You should not have any other imaging tests that use radioactive iodine for six weeks before your thyroid scan. A few days before your procedure, your physician may request a blood test to confirm thyroid function.

You may have to fast for several hours before your exam. Food can affect the accuracy of the uptake measurement.

You will have to remove any jewelry or other metal accessories before the test. These may interfere with the accuracy of the scan.

Results of a Thyroid Scan

The images and results of your thyroid scan will be evaluated by a physician who specializes in nuclear imaging. The results will be sent in a report to your doctor.

In a normal thyroid scan, there are no abnormalities in the size, shape, and location of the thyroid gland. It has an even color. Normal results from a metastatic scan indicate an absence of thyroid tissue and no spread of thyroid cancer.

An abnormal thyroid scan may show a thyroid that is enlarged or out of position, indicating a possible tumor.
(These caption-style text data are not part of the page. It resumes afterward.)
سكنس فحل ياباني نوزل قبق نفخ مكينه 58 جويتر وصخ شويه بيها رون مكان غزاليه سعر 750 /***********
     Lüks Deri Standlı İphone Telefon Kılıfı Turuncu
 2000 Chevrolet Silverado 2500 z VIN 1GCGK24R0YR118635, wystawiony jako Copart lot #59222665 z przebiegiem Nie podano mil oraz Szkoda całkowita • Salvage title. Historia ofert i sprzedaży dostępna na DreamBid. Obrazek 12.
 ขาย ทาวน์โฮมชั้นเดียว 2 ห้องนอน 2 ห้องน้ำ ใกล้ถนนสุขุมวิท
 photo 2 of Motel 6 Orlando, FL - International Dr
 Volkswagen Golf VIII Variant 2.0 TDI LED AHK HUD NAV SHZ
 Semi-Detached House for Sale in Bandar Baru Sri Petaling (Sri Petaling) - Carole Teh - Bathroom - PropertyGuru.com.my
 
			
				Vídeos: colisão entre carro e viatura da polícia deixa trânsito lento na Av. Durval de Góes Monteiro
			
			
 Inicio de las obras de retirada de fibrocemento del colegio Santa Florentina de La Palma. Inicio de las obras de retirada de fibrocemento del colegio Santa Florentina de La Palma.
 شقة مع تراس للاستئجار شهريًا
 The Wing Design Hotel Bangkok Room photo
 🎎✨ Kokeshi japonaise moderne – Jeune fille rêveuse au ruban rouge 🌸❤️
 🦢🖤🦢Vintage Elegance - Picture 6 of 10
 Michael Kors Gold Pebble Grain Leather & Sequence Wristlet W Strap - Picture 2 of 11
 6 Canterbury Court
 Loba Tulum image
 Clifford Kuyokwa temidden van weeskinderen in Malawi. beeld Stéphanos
Abnormal measurements also may show that your thyroid gland collected too much or too little of the radionuclide.

Abnormally high levels of thyroid hormone may indicate:

  • early stage of Hashimoto’s thyroiditis (a chronic swelling of the thyroid)
  • factitious hyperthyroidism (caused by taking too much thyroid medication)
  • hyperthyroidism
  • goiter

Abnormally low levels of thyroid hormone may indicate:

  • hypothyroidism
  • iodine overload
  • subacute thyroiditis (inflammation of the thyroid gland caused by a virus)

Abnormal results of a thyroid scan may also indicate:

  • colloid nodular goiter (thyroid enlargement due to too little iodine)
  • Graves’ disease (a type of hyperthyroidism)
  • painless thyroiditis (switching between hyperthyroidism and hypothyroidism)
  • toxic nodular goiter (enlargement of a nodule on an existing goiter)

Abnormal results from a metastatic study will show that there are locations where the thyroid cancer has spread. The study will also show where residual thyroid tissue remains after surgical removal or ablation, which destroyed the gland.